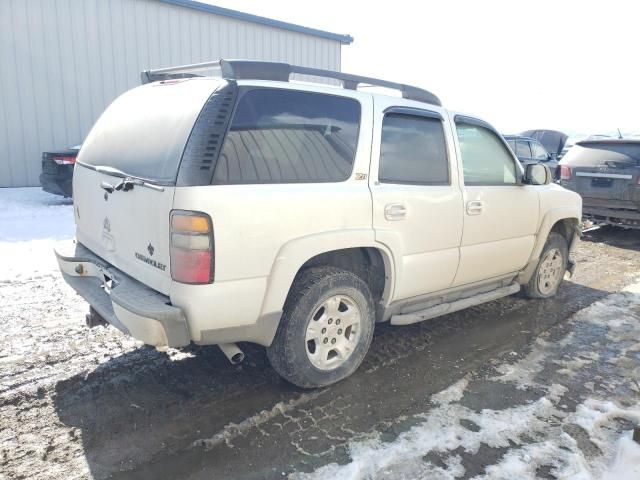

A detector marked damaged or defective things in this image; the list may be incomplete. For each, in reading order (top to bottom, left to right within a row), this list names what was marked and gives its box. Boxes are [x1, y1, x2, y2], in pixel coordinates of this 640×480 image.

damaged bumper [55, 242, 191, 346]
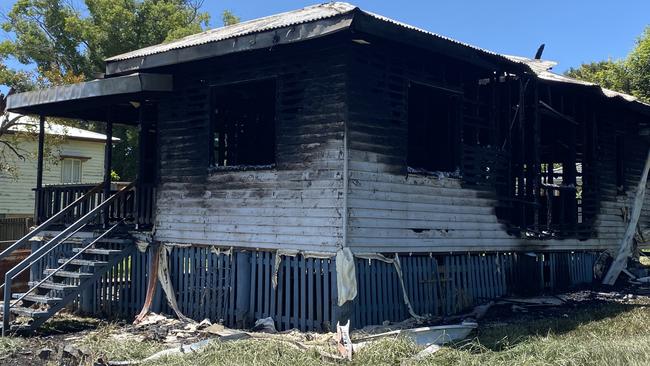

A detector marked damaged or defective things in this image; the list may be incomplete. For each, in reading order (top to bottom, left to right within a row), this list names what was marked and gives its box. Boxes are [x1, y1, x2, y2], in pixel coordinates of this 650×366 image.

charred window frame [210, 80, 276, 169]
charred window frame [404, 81, 460, 173]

> **Task details**
Set down all of the entries exactly as they stand, without any image.

> **Task solution**
A detector marked damaged or defective things in this image; the list may be incomplete. For each, in reading order (top to bottom, left to right within a row), this list names what was marked and gives its box. Boxes are [x1, y1, x2, y2], in pixel coordinates of this 640×480 image.

damaged bumper [55, 242, 191, 346]

A detector marked damaged or defective things in this image; the list may be incomplete. For each, in reading order (top to bottom, left to right within a row), this list names what was marked and gives its box. Boxes are [x1, y1, x2, y2], in pixel coordinates of this 650×366 image.

charred window frame [210, 80, 276, 169]
charred window frame [404, 81, 460, 173]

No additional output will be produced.